[INFORMATION SHOWN]
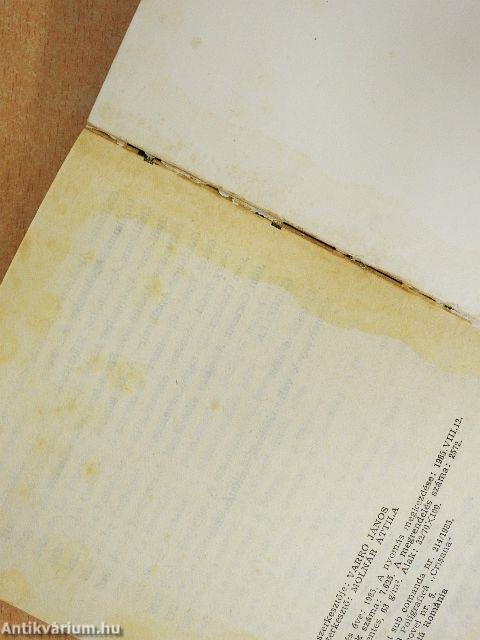 Versek és műfordítások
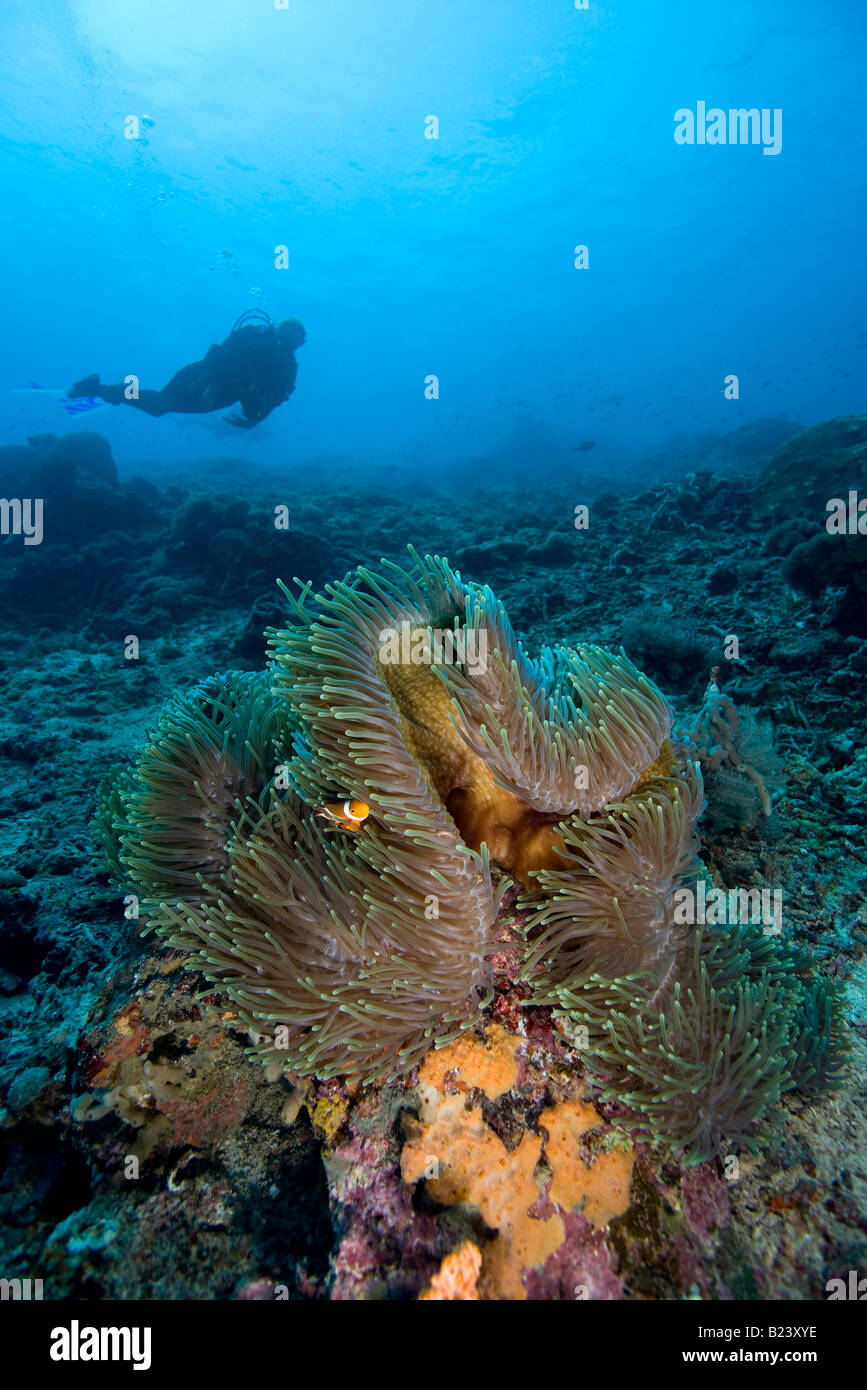 Scuba Diver, Indonesien. Stockfoto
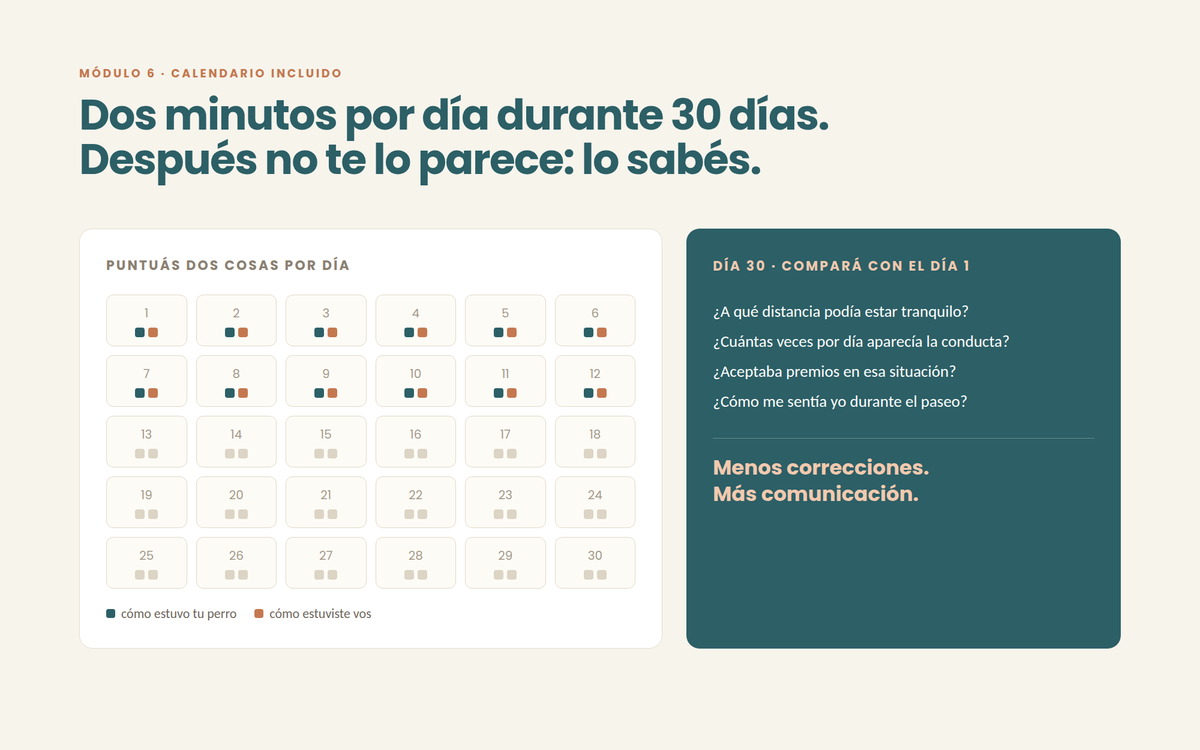 Antes y después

[TASK DESCRIPTION]
Please copy out the material above exactly, with the images removed.

[YOUR SOLUTION]
 Versek és műfordítások
 Scuba Diver, Indonesien. Stockfoto
 Antes y después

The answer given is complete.